[Opening Supplied material section]

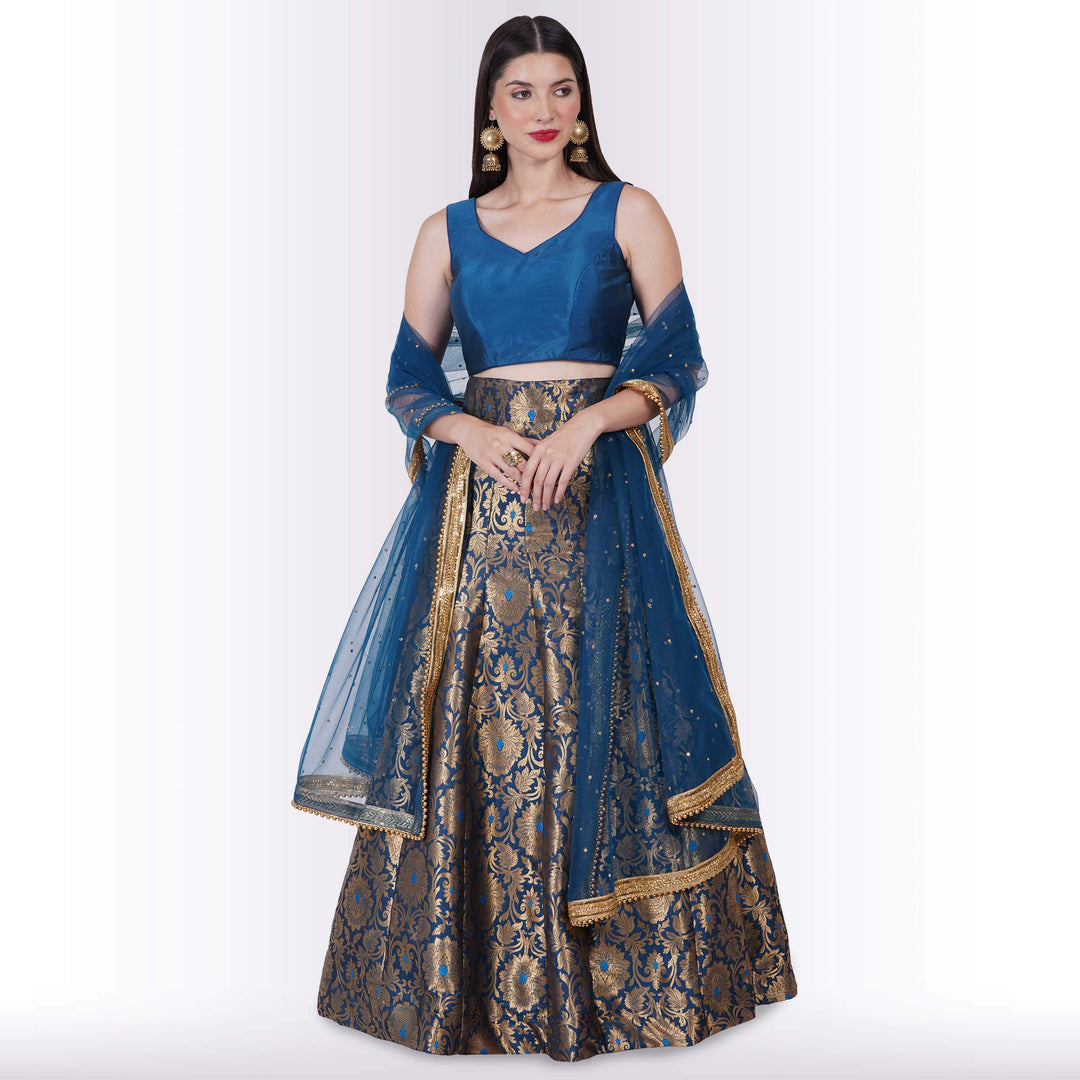 Teal Color Brocade Lehenga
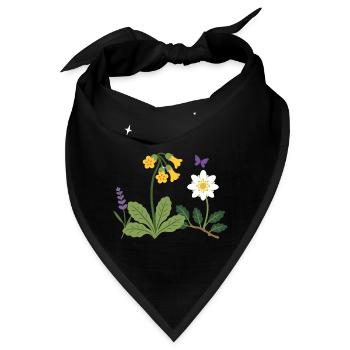 Blumen botanisch Pflanzenwelt Geschenkidee Design - Bandana - Schwarz - Vorne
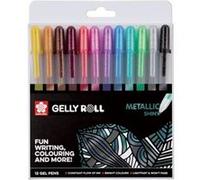 Amsterdam Bikes Stylos gel Sakura Gelly Roll Metallic Shiny – 12 pièces, encre métallisée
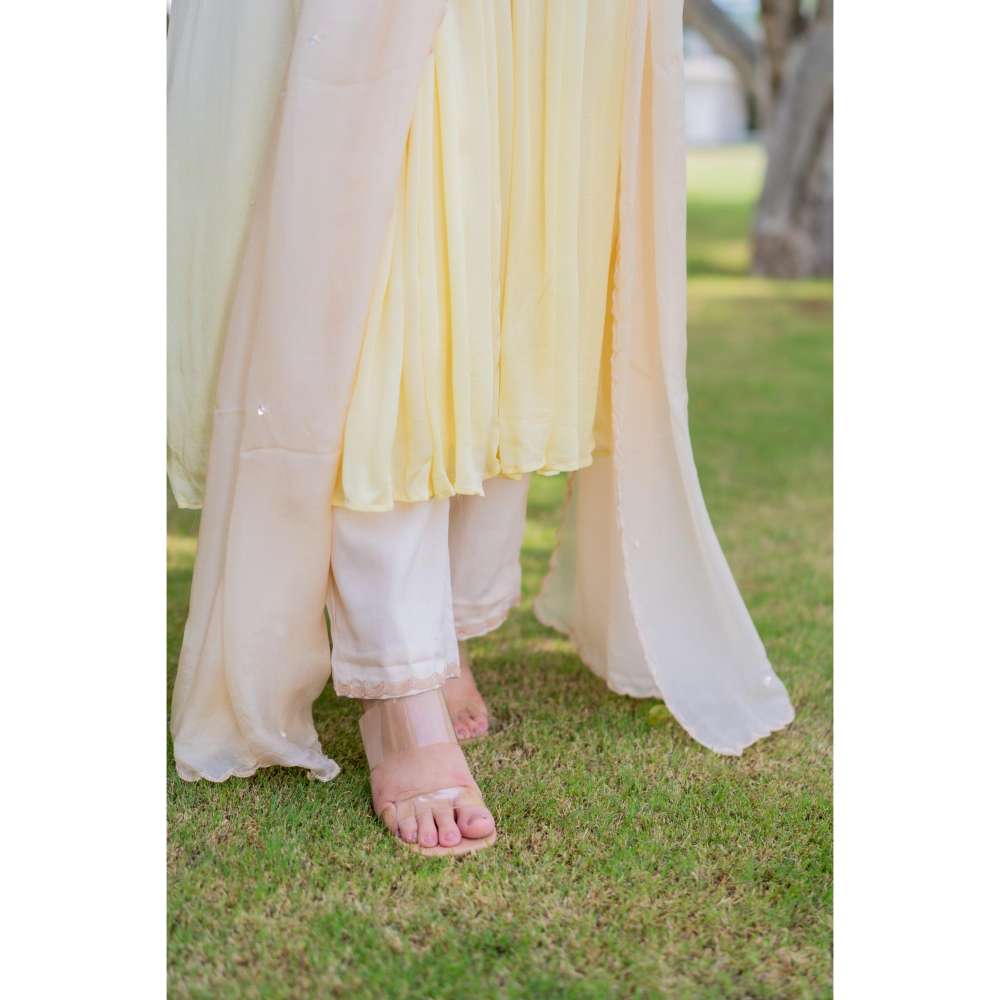 MINSH Citrine Ombre Beige Anarkali Kurta With Pant And Dupatta (Set of 3)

[Closing Supplied material section]

* _Work to be completed_: Would you copy out the data exactly, leaving every picture out?

* _Problem solution_:
 Teal Color Brocade Lehenga
 Blumen botanisch Pflanzenwelt Geschenkidee Design - Bandana - Schwarz - Vorne
 Amsterdam Bikes Stylos gel Sakura Gelly Roll Metallic Shiny – 12 pièces, encre métallisée
 MINSH Citrine Ombre Beige Anarkali Kurta With Pant And Dupatta (Set of 3)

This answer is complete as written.